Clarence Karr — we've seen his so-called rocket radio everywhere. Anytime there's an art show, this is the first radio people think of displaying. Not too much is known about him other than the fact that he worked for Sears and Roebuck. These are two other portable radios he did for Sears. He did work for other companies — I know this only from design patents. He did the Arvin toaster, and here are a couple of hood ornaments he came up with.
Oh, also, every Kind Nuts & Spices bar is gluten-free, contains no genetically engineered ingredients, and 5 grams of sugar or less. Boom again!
* * *
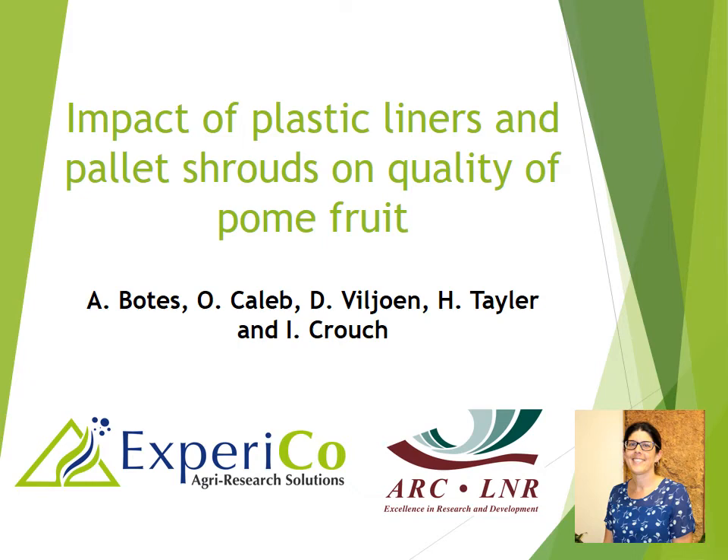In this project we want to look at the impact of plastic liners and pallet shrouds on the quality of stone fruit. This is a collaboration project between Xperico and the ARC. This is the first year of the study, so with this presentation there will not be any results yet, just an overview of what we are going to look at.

Task prompt: Precisely the lines between those holding "Clarence Karr —" and "Oh, also, every", inclusive, are to be reproduced from the listing above, with nothing added.

Solution:
Clarence Karr — we've seen his so-called rocket radio everywhere. Anytime there's an art show, this is the first radio people think of displaying. Not too much is known about him other than the fact that he worked for Sears and Roebuck. These are two other portable radios he did for Sears. He did work for other companies — I know this only from design patents. He did the Arvin toaster, and here are a couple of hood ornaments he came up with.
Oh, also, every Kind Nuts & Spices bar is gluten-free, contains no genetically engineered ingredients, and 5 grams of sugar or less. Boom again!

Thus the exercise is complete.